Some things stuck. In Jack Kruse’s class. (He happened to be my dorm master as well.) We had a quiz every class. He set a rule to the answers though – our answers could not be more than half a line long. I tried squeezing three lines of text into that space of one line writing miniscule text. I’m sure my classmates often did too. Jack’s idea perhaps was to get us to be concise.
In another class, the teacher asked, “Who’d like to do X?” and some raised our hands. The teacher picked those who didn’t raise their hands and says, “Sometimes we don’t get what we want.” Right. Point taken.
Three-day solo – a rite of passage

A rite of passage at the Mountain School was the three-day solo. Equipped with all the bare necessities of food including 12 bagels and sufficient peanut butter, trail mix, apples, no tent but a tarp (plastic sheet), some rope, a mat and sleeping bag, we were dropped off at different parts of the woods.
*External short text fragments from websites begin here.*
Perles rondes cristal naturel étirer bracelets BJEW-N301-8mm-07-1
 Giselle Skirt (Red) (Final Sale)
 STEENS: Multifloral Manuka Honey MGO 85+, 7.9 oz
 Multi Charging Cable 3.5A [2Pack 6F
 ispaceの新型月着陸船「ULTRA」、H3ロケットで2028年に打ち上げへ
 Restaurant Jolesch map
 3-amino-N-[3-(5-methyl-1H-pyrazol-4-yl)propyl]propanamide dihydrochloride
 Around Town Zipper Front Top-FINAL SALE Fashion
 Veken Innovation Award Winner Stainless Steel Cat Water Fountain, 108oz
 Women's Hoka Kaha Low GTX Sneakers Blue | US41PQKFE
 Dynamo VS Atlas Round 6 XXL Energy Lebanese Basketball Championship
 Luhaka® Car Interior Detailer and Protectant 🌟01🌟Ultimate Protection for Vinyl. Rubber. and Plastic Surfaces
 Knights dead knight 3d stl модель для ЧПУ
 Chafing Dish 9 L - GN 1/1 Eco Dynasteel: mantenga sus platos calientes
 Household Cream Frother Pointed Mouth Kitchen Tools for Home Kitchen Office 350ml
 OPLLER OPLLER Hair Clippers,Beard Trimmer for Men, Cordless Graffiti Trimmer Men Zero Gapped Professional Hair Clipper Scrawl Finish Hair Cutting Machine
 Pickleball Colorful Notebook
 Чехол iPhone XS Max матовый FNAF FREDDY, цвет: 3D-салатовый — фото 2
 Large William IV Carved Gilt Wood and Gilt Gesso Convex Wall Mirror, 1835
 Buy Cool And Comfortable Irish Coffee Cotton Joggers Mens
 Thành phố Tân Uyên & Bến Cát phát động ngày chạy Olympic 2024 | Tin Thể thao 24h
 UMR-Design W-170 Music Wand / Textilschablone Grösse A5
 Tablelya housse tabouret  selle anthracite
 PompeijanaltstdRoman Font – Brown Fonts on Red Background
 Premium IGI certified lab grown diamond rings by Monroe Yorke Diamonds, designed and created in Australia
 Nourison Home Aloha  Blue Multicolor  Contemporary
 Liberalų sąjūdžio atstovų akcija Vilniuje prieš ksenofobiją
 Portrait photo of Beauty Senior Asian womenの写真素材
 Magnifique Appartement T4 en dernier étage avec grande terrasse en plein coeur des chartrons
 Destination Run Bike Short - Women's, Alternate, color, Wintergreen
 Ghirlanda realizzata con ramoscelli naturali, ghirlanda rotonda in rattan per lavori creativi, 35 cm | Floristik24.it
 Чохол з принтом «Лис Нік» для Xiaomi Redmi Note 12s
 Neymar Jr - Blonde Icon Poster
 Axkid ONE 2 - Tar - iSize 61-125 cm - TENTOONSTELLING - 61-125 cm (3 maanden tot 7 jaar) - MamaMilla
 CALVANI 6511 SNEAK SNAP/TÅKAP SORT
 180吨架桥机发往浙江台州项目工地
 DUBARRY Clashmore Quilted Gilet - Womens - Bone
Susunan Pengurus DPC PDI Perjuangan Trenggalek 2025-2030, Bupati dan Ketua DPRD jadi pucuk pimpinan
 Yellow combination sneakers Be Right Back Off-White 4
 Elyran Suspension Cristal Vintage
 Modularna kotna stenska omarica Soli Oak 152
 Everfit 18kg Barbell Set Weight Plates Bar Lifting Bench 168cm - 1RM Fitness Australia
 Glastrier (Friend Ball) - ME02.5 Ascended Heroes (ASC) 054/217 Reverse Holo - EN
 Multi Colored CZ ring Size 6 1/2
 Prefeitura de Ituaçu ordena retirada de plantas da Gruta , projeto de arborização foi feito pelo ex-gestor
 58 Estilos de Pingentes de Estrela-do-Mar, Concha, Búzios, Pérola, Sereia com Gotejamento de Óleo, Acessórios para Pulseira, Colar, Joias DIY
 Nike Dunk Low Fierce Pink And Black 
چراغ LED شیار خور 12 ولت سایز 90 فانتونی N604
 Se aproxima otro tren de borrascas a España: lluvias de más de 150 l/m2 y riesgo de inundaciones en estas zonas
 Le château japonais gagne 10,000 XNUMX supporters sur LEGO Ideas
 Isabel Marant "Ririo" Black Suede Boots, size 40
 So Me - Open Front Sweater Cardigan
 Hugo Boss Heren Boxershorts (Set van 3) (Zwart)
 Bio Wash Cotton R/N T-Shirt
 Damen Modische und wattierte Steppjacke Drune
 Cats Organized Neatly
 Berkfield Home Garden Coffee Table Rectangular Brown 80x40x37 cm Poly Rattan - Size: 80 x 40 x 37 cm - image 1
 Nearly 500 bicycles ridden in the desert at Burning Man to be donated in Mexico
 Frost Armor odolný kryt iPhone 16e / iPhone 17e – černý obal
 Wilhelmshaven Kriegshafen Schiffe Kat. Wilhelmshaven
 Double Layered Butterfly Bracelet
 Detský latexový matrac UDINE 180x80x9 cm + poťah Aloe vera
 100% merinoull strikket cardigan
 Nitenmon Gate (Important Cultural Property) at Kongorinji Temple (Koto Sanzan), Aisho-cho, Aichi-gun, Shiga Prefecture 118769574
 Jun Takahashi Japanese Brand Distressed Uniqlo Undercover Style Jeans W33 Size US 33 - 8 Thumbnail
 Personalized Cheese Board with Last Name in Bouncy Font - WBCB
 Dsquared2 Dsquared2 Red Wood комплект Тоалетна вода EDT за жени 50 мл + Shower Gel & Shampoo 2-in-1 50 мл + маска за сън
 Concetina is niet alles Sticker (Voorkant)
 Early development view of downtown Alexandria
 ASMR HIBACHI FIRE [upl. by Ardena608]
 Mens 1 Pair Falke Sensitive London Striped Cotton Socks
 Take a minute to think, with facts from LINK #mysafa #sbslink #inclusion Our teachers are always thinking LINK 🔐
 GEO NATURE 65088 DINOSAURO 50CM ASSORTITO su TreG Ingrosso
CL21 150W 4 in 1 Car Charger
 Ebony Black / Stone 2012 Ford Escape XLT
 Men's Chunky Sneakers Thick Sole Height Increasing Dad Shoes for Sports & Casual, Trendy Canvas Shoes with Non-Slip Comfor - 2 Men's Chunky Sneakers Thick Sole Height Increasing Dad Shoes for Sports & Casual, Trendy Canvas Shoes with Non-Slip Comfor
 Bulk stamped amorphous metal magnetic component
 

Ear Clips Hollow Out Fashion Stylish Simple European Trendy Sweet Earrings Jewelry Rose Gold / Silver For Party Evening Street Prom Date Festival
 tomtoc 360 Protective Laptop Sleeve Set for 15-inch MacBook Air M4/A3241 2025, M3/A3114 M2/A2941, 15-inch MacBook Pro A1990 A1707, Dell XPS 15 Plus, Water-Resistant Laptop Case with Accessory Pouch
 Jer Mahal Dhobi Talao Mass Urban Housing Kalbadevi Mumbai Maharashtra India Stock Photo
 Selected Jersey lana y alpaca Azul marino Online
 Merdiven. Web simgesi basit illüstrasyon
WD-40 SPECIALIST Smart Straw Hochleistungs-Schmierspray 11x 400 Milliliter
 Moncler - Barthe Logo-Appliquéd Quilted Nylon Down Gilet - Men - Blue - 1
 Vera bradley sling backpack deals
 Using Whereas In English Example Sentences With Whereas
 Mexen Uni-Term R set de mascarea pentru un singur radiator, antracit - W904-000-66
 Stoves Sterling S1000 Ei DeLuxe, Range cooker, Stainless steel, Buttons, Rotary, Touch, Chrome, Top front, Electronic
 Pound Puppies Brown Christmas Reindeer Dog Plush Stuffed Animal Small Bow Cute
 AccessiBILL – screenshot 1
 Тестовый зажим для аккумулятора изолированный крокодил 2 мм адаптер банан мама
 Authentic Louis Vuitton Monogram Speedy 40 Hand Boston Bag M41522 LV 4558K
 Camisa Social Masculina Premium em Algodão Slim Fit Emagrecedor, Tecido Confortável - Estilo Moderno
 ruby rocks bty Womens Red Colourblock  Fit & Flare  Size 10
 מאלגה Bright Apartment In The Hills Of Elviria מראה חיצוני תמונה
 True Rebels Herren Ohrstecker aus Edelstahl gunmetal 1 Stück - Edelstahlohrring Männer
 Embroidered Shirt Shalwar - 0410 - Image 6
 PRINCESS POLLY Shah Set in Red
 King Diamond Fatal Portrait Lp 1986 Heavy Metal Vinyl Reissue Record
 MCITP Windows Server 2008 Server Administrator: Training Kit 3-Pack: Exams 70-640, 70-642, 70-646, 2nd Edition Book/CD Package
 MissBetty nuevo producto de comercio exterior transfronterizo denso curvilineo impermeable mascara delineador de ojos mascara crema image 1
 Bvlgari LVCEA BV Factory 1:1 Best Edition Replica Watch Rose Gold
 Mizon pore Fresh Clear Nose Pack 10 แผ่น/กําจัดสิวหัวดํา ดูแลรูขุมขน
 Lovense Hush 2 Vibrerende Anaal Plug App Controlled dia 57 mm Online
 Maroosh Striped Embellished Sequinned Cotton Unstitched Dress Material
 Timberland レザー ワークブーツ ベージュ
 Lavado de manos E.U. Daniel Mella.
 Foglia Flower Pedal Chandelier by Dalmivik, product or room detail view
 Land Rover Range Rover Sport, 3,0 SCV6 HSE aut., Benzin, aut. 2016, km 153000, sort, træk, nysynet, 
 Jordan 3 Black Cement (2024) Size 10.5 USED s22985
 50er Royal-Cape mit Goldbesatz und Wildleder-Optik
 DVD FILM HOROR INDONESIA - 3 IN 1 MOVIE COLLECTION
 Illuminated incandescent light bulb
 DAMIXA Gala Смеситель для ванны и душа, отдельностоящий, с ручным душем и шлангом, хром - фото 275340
During the three days, we’re “solo-ing” with ourselves, with nature.
It was my first time, and perhaps for all of us, to be without any human contact for three days straight. I wasn’t scared, but I just didn’t know what to do with myself. Back then, I didn’t contemplate as much, nor did I know the exercises and meditations I could do to make the best use of my time. So I read an unmemorable novel, journaled some, and spent my day filling the gaps eating.
The most trying night of the solo was a pro-longed fight with a bee. Slotted into my sleeping bag, ready to turn off the lights and sleep, since there wasn’t much to do anyways, I heard a buzz. Oh shit. I can’t see it. But I hear a loud and constant buzz. I DO NOT NEED TO GET STUNG out in the boonies. My mind warns me instantly of all the horrible potential consequences if this bee is not dealt with ASAP.
The buzzing finally identified: underneath the mat – beneath my sleeping bag. So in the pitch darkness, I bash, punch, bash-and-punch at the thing making the buzzing noise underneath my mat. A bit futile really because the buzzing didn’t stop. I couldn’t sleep without knowing damn sure I wasn’t going to get stung in the night. The buzzing did eventually subside. The weird thing was, when I woke up and peeled the mat the next morning, there was nothing but soil on the ground. So where was that bee?
The school warned us of potential moose visits. And some claim there were bears too in the woods. Luckily all I saw was some animal poop during the daylight and from afar, one of my classmates across the river once on another hill during the whole solo trip.
Obvious need for mindful eating
When we reconvened at the end of the three days, everyone was a little bit dishevelled, but obviously thoroughly enjoyed the experience. I couldn’t help but notice when we were returning the left-over food that I was probably the only one who ate almost all my bagels – like 12 of them when everyone probably ate just a couple. My ‘appetite’ apparent.
The TMS experience was probably one of the most rich experiences I’ve had during my years in school. From there I continue my interest in food, produce, nature, earth. And since graduation, I follow the development of alternative schools as well as farming. Not your usual news-source, but this piece from Vanity Fair first shed light for me the state of industrial farming and food production.
Food for thought
What experiences in your formative years has made a deep impact on the person you are today?